The idea that the pilot wasn`t allowed to leave after he refused what was supposedly a voluntary search makes me so mad I want to spit. They never said he did anything to give them any probable cause to detain him other than exercise his choice not to be searched.  So you can`t enter w/o being searched, BUT if you decide not to enter, you can`t leave. Someone shoot me.


----------



## Bill Mattocks (Oct 18, 2010)

Bob Hubbard said:


> The pilot'll probably lose his job over this. Common sense of course and the TSA are unacquainted.   I hope to never have to fly again as I'd honestly trust Moe, Larry, Shemp, Joe, & Curly Joe to secure our airports better than these *** clowns.



They're not just *** clowns.  They're *evil* *** clowns.  It's important to make the distinction.


----------



## Empty Hands (Oct 18, 2010)

Bill Mattocks said:


> They're not just *** clowns.  They're *evil* *** clowns.  It's important to make the distinction.

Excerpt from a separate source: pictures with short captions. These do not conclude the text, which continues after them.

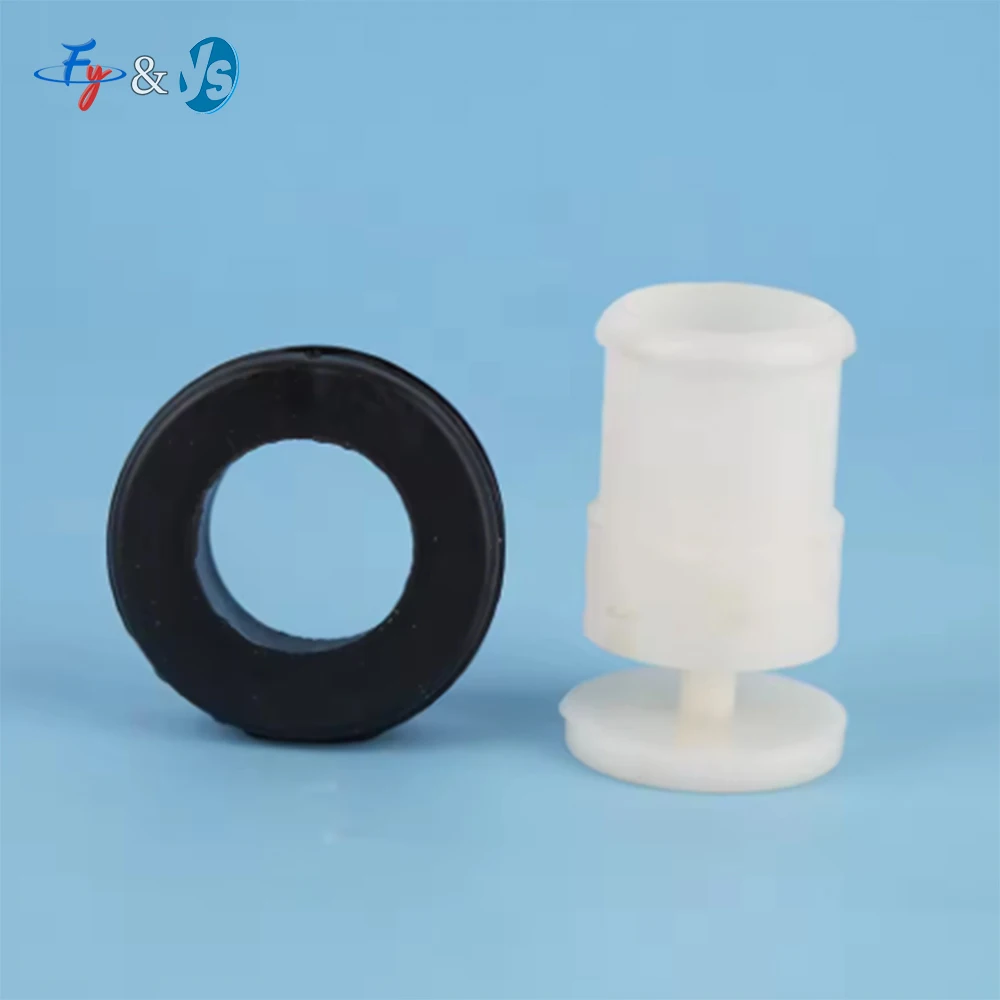 

Cylindrical Evaporative Condenser Plastic Nozzle with Rubber Ring Spray Water Nozzle Evaporative Condenser Spray Head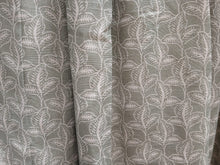 Load image into Gallery viewer, John Lewis, Exley Leaf Dusty Green, lined, NEW, 3960b
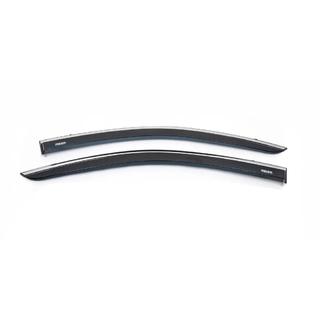 Deflecteurs de Vitres avec Moulure Chromee (2 pcs, Niken) Dacia Lodgy 2012-2022 photo 1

No, they're not.  They are a group of mostly unskilled, low wage workers trying to support themselves and their families.  Some abuse their authority, as some cops or some teachers or some martial arts instructors abuse their authority - yet we do not call teachers evil.  The evil is institutional, not personal.  That institutional evil was furthermore called for and supported by the American public.  We got what we voted for.


----------



## punisher73 (Oct 18, 2010)

Sukerkin said:


> Like I ever say (and usually get scolded by one or two members for it because no non-American is ever allowed to say anything bad about America) ...
> 
> ... you chaps are not as free as you think you are. Telling you that you live in the "Land of the Free" becomes ever more a self-evident joke as time goes by.
> 
> I don't know whether it is too late to take your country back - I would guess it is without a violent upset for which no-one has the stomach these days (that being because the methods set in place to make such civil war unnecessary have been circumvented).


 
I read somewhere (not sure where) that the US has more laws on the books than any other country.  We also incarcerate more per capita than any other country.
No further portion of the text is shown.